Post by JCOOLEY » Tue Apr 16, 2013 9:04 am

Chamber 1 - inflate until the kayak rises off of the ground and takes shape. It should still appear saggy and wrinkled but should begin to resemble a kayak.
Chamber 2 - Inflate until kayak is rigid. (without Backbone installed) you should be able to pick the kayak up from either end and there should be no bending of folding in the middle. If there is, you can add more air to either chamber. When you are done inflating Chamber 2, there is no need to go back to Chamber one unless you have put the kayak in the cold water and lost a slight amount of pressure. You can go back to Chamber 1 and top it off.
When the kayak is completely inflated, you should have a PSI reading of 2.5 at the most for the main tube and 1 PSI for the floor and smaller tubes.
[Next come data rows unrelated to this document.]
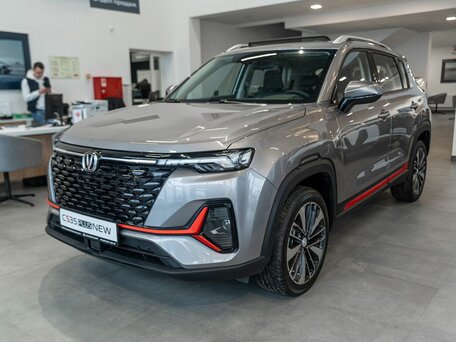 Changan CS35 Plus I Рестайлинг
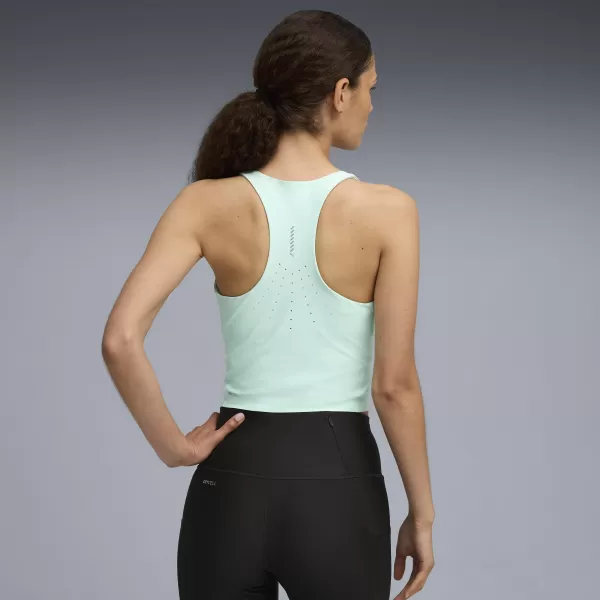  Топ резервоар PUMA W RACEDAY ULTRAFORM CROP 52753245 MINT MELT 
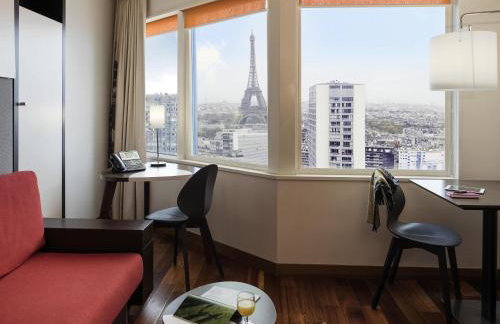 Aparthotel Adagio Paris Centre Tour Eiffel - Foto 64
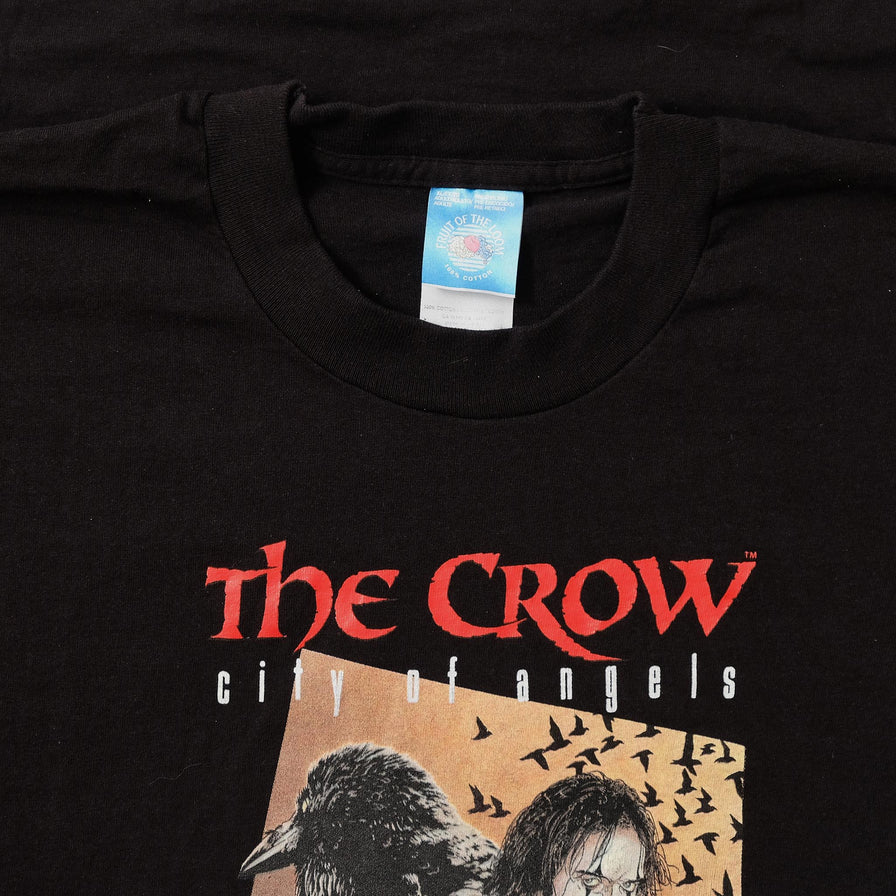 Vintage DS The Crow T-Shirt XLarge | Double Double Vintage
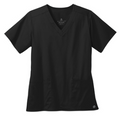 AFNB Basic V Neck Top
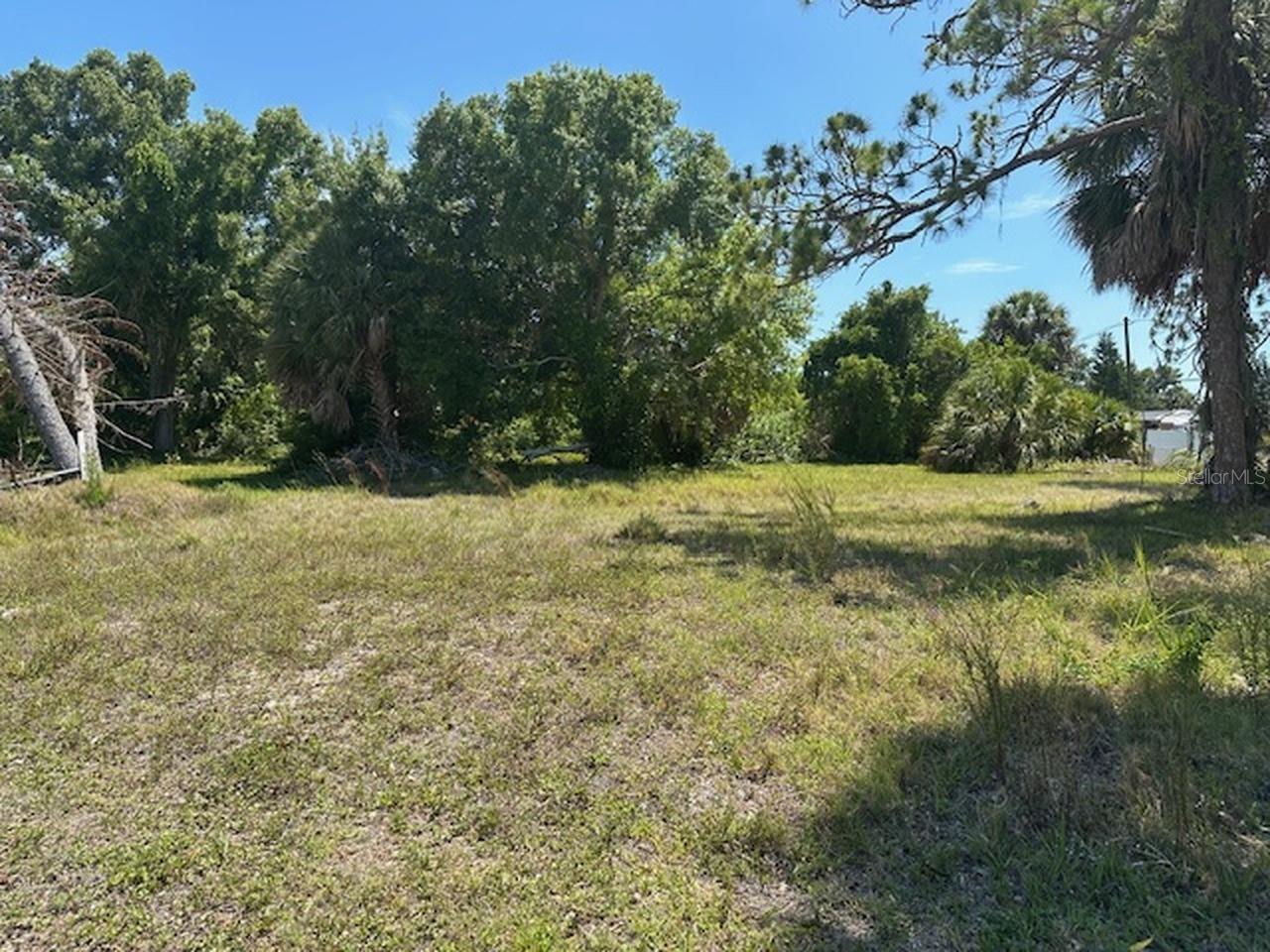 NOT PART OF A SUBDIVISION - Land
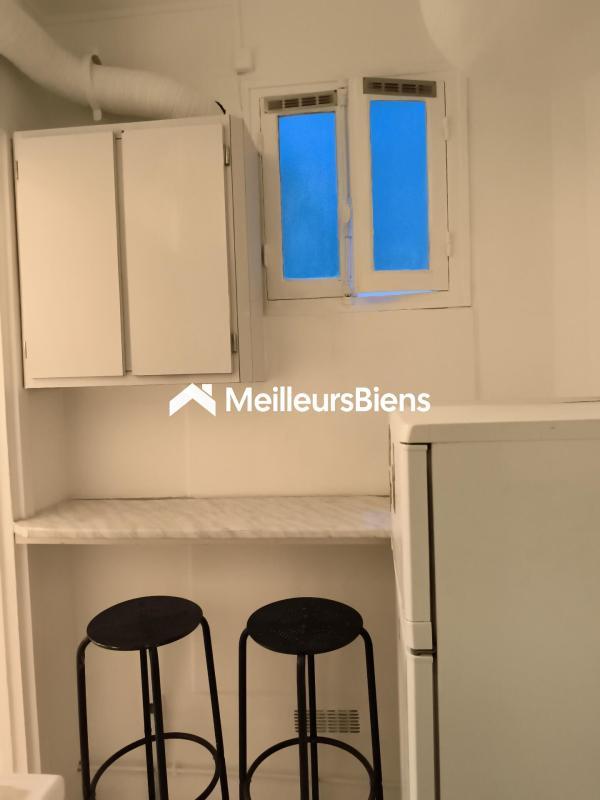 Appartement - 32 m² - 2 pièces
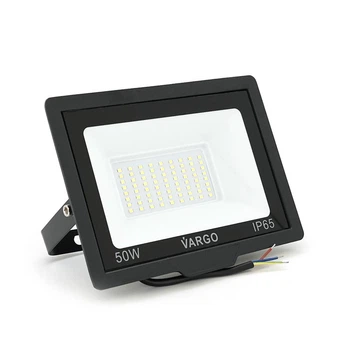 Прожектор VG-50, 50W, IP65, 4500Lm, 6500K, 215*240*30mm, Q20 (UG-40402)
Of course I have done this for many years so I do not require a gauge because I know where the kayak should be at. It is difficult to over inflate the main tube. After leaving it in the sun for most of the day, alot of times it can get close to 4 PSI. Always let some air out if leaving it out. The floor is where you need to be the most cautious. If left out or pumped until rigid, you risk seperating the I-Beams the run the length of the floor. This will cause a large bubble and is uncomfortable to sit on. The floor still functions but looks odd and is difficult to sit on.